International accreditation brings with it prestige and exclusivity, which business schools can use to their advantage in their marketing messages. Ms Eibel of IEDC-Bled School of Management shares that, “In 2020, we are introducing a practical development focused doctoral programme — DBA or Doctor of Business Administration, accredited by the Association of MBAs (AMBA). It is one of just 10 DBA programmes around the world that have this accreditation.”
A large number of programmes can pride themselves on having acquired accreditations from the Association to Advance Collegiate Schools of Business (AACSB), the Association of MBAs (AMBA), EFMD Quality Improvement System (EQUIS), the Foundation for International Business Administration Accreditation (FIBAA). Koźmiński University has acquired triple accreditation, also known as the Triple Crown, a combination of accreditations held by less than one per cent of business schools in the world.
The Warsaw School of Economics has been offering joint MBA programmes with ESG University of Quebec at Montreal UQAM for almost three decades. The Corvinus University of Budapest (CUB) has recently added a finance-oriented EMBA double-degree programme with China’s Fudan University and in partnership with the National Bank of Hungary.
“We offer a European Master in Tourism Management programme together with the University of Southern Denmark and University of Girona,” says Martina Sagir, an international student recruiter at the School of Economics and Business of the University of Ljubljana.
Poznań University of Economics and Business, recently named the best business school in the country by Poland’s Perspektywy Education Foundation 2019 ranking, runs an executive MBA programme with Georgia State University in the US, and there are dozens of similar examples across the emerging Europe region.

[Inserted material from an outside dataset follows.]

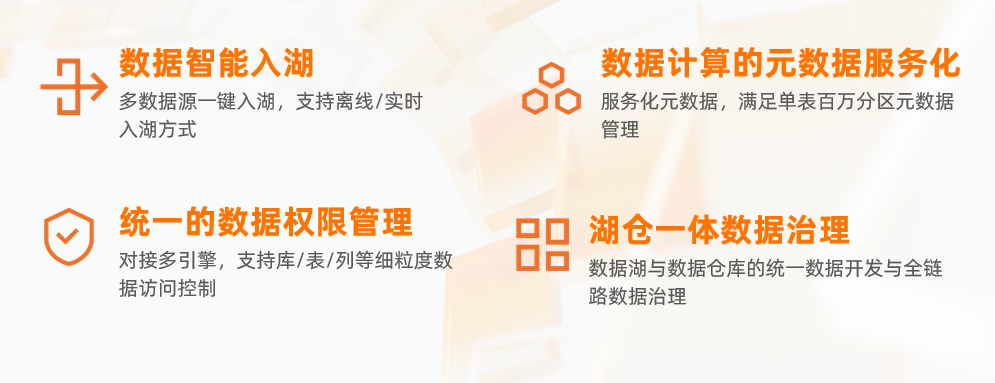 bf3b2aeddaf0d066801085e8e22eef4a.png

New, innovative programmes and more international students has resulted in what has been dubbed as internationalisation at home – a key objective for all universities in the region.
“It means that students from our country don’t have to go and study abroad to experience the international university environment. They have the same at our university,” says the University of Ljubljana’s Ms Sagir.
WSE’s Mr Karwowski adds that international students contribute greatly as they create added value and provide another perspective in a fast-changing, globalised world.
He identifies two major groups of students, those from Eastern European countries such as Ukraine or Belarus, for whom studying in Poland means acquiring quality skills and knowledge close to home; and those from around the world who want to learn about the region’s specifics.
György Walter, director of the Corvinus University of Budapest’s MBA Centre highlights the combination of these regional experiences and the general management knowledge. “What we offer, besides full international content, is more focus on special CEE-based and Hungarian case studies,” he says.
Malwina Górecka, head of the International Promotion Unit/ Ready, Study, Go! Poland Campaign at the Polish National Agency for Academic Exchange (NAWA), echoes Mr Walter’s words.
“Poland offers the know-how typical of a country that has undergone a social and economic transformation, which might be particularly useful for professionals working in other, less developed parts of the region as well as other economies across the world which are in a similar transition process, especially those combining elements of capitalism and central planning,” she says.
Room for more growth
“Poland is still an emerging market, which gives students a lot of opportunities to observe dynamic changes and to participate in the development of local and regional companies,” says Anna Matysek-Jędrych, director of Executive MBA at the Poznań University of Economics and Business.
GMAC’s Ms Somers says that business schools in Central and Eastern Europe are well placed to educate talent to the business challenges that global companies need to address in these markets.
“They also have a competitive advantage in offering high-quality programmes at lower tuition fees compared to their counterparts in western countries,” she says.
The full-time MBA, which has traditionally driven the growth of many business schools in the West, is not as common among business schools in emerging Europe.
Ms Somers believes that business schools in emerging Europe have the potential to attract even more international students once they start raising awareness of the region as a study destination.
“Working together to promote the region, identifying the right target groups and communicating effective marketing messages will help business schools attract talent to their programmes and support their recruitment process,” she says. “GMAC works collaboratively with schools around the world and provides market intelligence and research reports at no cost to graduate management institutions. A stronger collaboration with schools in emerging Europe would enable us to produce and share in-depth insights on the trends impacting programmes in the CEE region.”